Публику, однако, взволновало не это известие, а восклицание дамы: «Здесь что-то горит!»
Конферансье принюхался: «Успокойтесь, дамы и господа. Если чей-то театр прогорает, то только не наш!»
«Определённо запах дыма!» – раздался мужской голос.
– И дым Отечества нам сладок и приятен. – Конферансье был настроен игриво. – Не будем обращать на него внимания. По достовернейшим сведениям, в окрестностях Петербурга торфяные пожары… Итак, предлагаю вниманию почтеннейшей публики поэтический портрет Ропшина, выполненный пером мастера. Прошу, Максимилиан Александрович.
На эстраду ступил плотный полноватый мужчина с лицом античного Зевса, одетый по парижской моде. Полина шепнула Сергею: «Это наш дачный сосед, поэт Волошин». «Я узнал, – так же шёпотом ответил Сергей. – Его бюст у нас на ля рю Этуаль».
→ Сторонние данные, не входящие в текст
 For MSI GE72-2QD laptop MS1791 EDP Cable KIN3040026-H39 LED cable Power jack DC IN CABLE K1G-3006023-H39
Волошин, глядя куда-то вдаль, нараспев:
Холодный рот. Щеки бесстрастной складки
И взгляд из-под усталых век…
Таким сковал тебя железный век
В страстных огнях и бреде лихорадки…
Но сквозь лица пергамент сероватый
Я вижу дали северных снегов.
И в звёздной мгле стоит большой сохатый,
Унылый лось, с крестом между рогов.
Александр, успевший опустошить вторую рюмку коньяку, встал и направился к Савинкову. Сергей, беспокоясь за последствия этой встречи, последовал за ним.
– Борис Викторович, разрешите спросить вас? – сказал Александр.
– Извольте, – равнодушно произнёс Савинков.
– Меня неотвязно терзает вопрос: как может православный русский, дворянин покушаться на жизнь великого князя? Значит, можно убить и помазанника Божия и при этом спокойно принимать почести и посещать кафешантаны?
– Полагаю – да. Не я придумал этот трагический балаган. Я лишь оружие в руках судьбы. Наша общая судьба – революция. А её в белых перчатках не делают.
– Простите, – поспешил вмешаться Сергей, – я корреспондент парижской газеты…
– Интервью не даю, пардон.
– Ну, ничего не поделаешь, пойдёмте, Александр. – Сергей взял его под руку и отвёл от стола.
– На этих перчатках, – пробормотал Александр, – кровь невинных жертв…
А на эстраде томная женщина с подведёнными глазами надрывно низким голосом причитала под аккорды пианино, плавно поводя руками, как бы плывя:
И ты, огневая стихия,
Безумствуй, сжигая меня:
Россия, Россия, Россия,
Мессия грядущего дня.
Александр, словно услышав скорбную весть, всхлипнул и сунул руку в карман (Сергей вздрогнул), достал носовой платок и шумно сморкнулся. Сказал сипло:
– Проклятые социалисты распинают Россию, как Мессию… Потеряли царя, теряем веру, потеряем и отечество… Как пить дать… А верно, пить так пить… Не пора ли ещё выпить?
Вечер катился под откос. Александр быстро хмелел, говорил о Париже, где не был, но теперь хочет побывать, чтобы «на этой “лярюлице” Этуаль отбить нос у бюста Волошина».
Сергей стал волноваться, как бы Александр не стал придираться к Волошину, который больше походил на мощного бугая, чем на нежного поэта.
Полина была молчалива и не могла преодолеть своего тревожного настроения. По-видимому, они с матерью вынуждены были серьёзно урезать расходы: из гостиницы перебрались в двухкомнатную меблированную квартиру на Васильевском острове.
6
Тщетны были предупреждения Кирилла Павловича. Массовое народное шествие с возможным противодействием правительственных войск Сергей не мог пропустить.
Среди демонстрантов, преимущественно матросов, солдат и всякого случайного серого люда он – в светлом парусиновом пиджаке, при галстуке, с записной книжкой – выглядел инородным телом. Впрочем, никто не обращал на него внимания. Толпа двигалась организованно, напряжённо. По-видимому, была осведомлена о возможности вооружённого столкновения.